While it’s private Hong Kong investors who have dominated the scene since the EU Referendum in 2016, the allure of London is widening.
Colliers (jointly with CBRE) recently acted for GPE in the disposal of the freehold interest of 30 Broadwick Street, the best new building in Soho. Comprising 94,300 sq ft of retail, restaurant and office accommodation, the building is let to an impressive range of tenants (including Drake's first U.K retail outlet) all of whom occupy the building on long leases at record high rents for Soho.
With 79% of purchases in Central London’s commercial investment market coming from abroad in 2017, the sales campaign for 30 Broadwick Street was focussed on international investors. This was achieved through travelling to Asia and liaising with our local international offices.

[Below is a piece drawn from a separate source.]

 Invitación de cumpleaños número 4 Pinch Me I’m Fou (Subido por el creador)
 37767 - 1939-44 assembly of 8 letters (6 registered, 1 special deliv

Here at home, the result of the EU Referendum is regarded as hugely significant on both sides of the argument; for or against, Brexit hasn’t left the national conversation since the day of the vote. In terms of the commercial property market, it’s seen domestic investors disposing of existing assets and refraining from acquiring new ones.
Globally, however, the UK’s imminent departure from the EU is seen as fairly trivial, at least among some investors. It’s the weakening of the pound that has piqued their interest: London’s property market is significantly more attractive, particularly to anywhere with a currency pegged to the US dollar.
For 30 Broadwick Street, that translated into strong interest from a diverse geographical spread of countries including Hong Kong, Spain, Germany, China, Singapore, Taiwan and Norway. Ultimately the property sold for £190 million, a record price per sq ft for a new Soho office building.